- Conference: Independent
- Record: 8–11
- Head coach: Leonard Sachs (1st season);
- Home arena: Alumni Gym

= 1923–24 Loyola Ramblers men's basketball team =

American college basketball season

The 1923–24 Loyola Ramblers men's basketball team represented Loyola University Chicago during the 1923–24 NCAA men's basketball season. The ramblers were led by first-year head coach Leonard Sachs. The team had finished the season with an overall record of 8–11.

==Schedule==

| Date time, TV | Opponent | Result | Record | Site city, state |
| January 4, 1924* | Armour Tech | W 19–17 | 1–0 | Alumni Gym Chicago, IL |
| January 10, 1924* | St.
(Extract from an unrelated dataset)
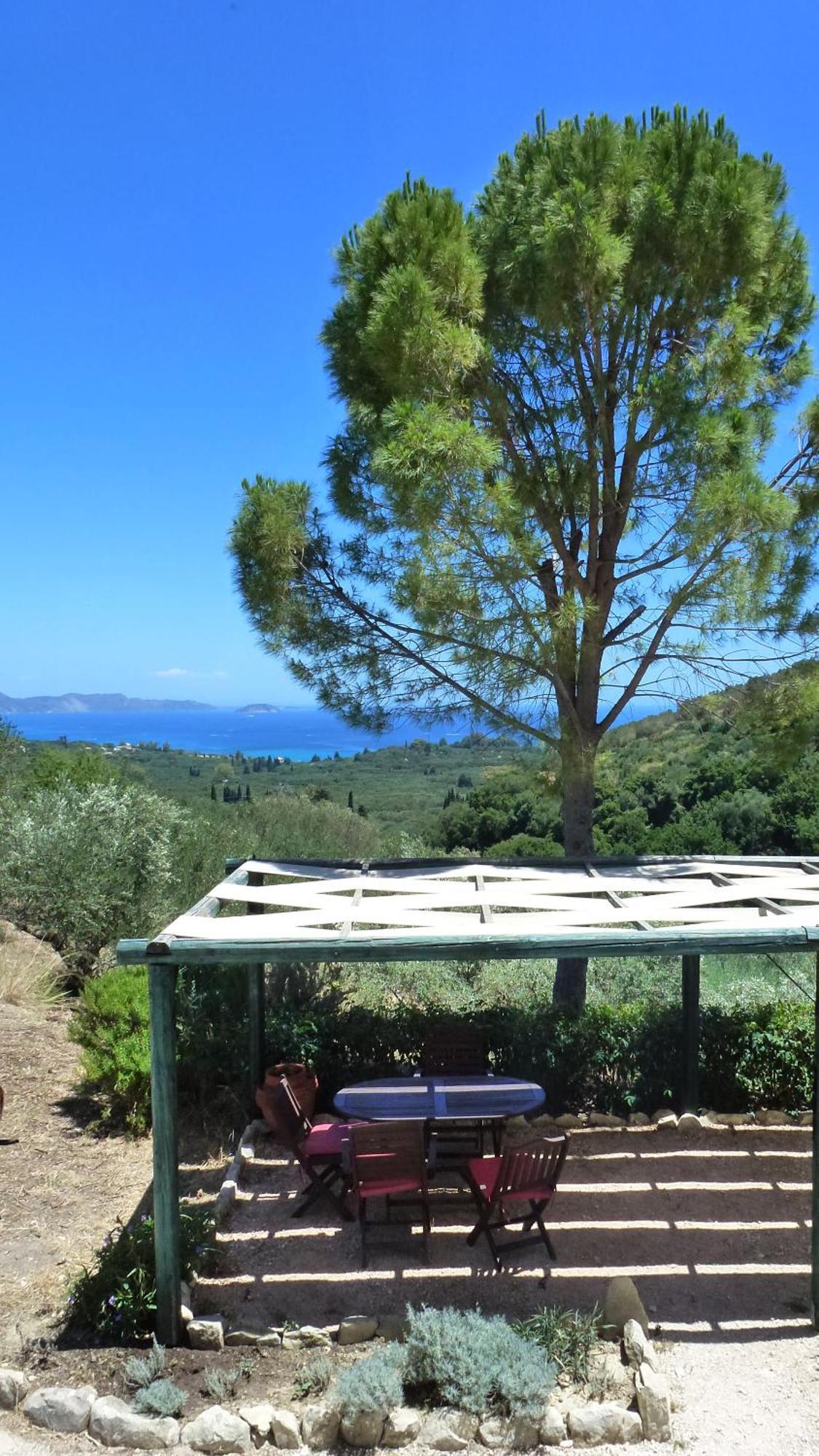 Tsivouli Accommodation Lithakia  Luaran gambar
Viator's | W 16–13 | 2–0 | Alumni Gym Chicago, IL |
| January 12, 1924* | at Notre Dame | L 23–24 | 2–1 | Notre Dame Fieldhouse South Bend, IN |
| January 14, 1924* | Wheaton | W 18–17 | 3–1 | Alumni Gym Chicago, IL |
| January 16, 1924* | at Notre Dame | L 16–21 | 3–2 | Notre Dame Fieldhouse South Bend, IN |
| * | Milwaukee State | L 22–29 | 3–3 | Alumni Gym Chicago, IL |
| January 24, 1924* | Loras | L 22–29 | 3–4 | Alumni Gym Chicago, IL |
| January 31, 1924* | Dubuque | W 30–18 | 4–4 | Alumni Gym Chicago, IL |
| February 2, 1924* | Rose Polytechnic | W 24–14 | 5–4 | Alumni Gym Chicago, IL |
| February 8, 1924* | Milwaukee State | L 24–25 | 5–5 | Alumni Gym Chicago, IL |
| February 9, 1924* | St. Joseph's | W 28–9 | 6–5 | Alumni Gym Chicago, IL |
| February 10, 1924* | Detroit | W 23–17 | 7–5 | Alumni Gym Chicago, IL |
| February 13, 1924* | St. Viator's | L 16–19 | 7–6 | Alumni Gym Chicago, IL |
| February 16, 1924* | Wheaton | W 21–19 | 8–6 | Alumni Gym Chicago, IL |
| * | Indiana State | L 19–38 | 8–7 | Alumni Gym Chicago, IL |
| * | Rose Polytechnic | L 12–20 | 8–8 | Alumni Gym Chicago, IL |
| * | Columbia | L 16–26 | 8–9 | Alumni Gym Chicago, IL |
| March 1, 1924* | Detroit | L 23–26 | 8–10 | Alumni Gym Chicago, IL |
| March 4, 1924* | St. Joseph's | L 15–36 | 8–11 | Alumni Gym Chicago, IL |
*Non-conference game. (#) Tournament seedings in parentheses.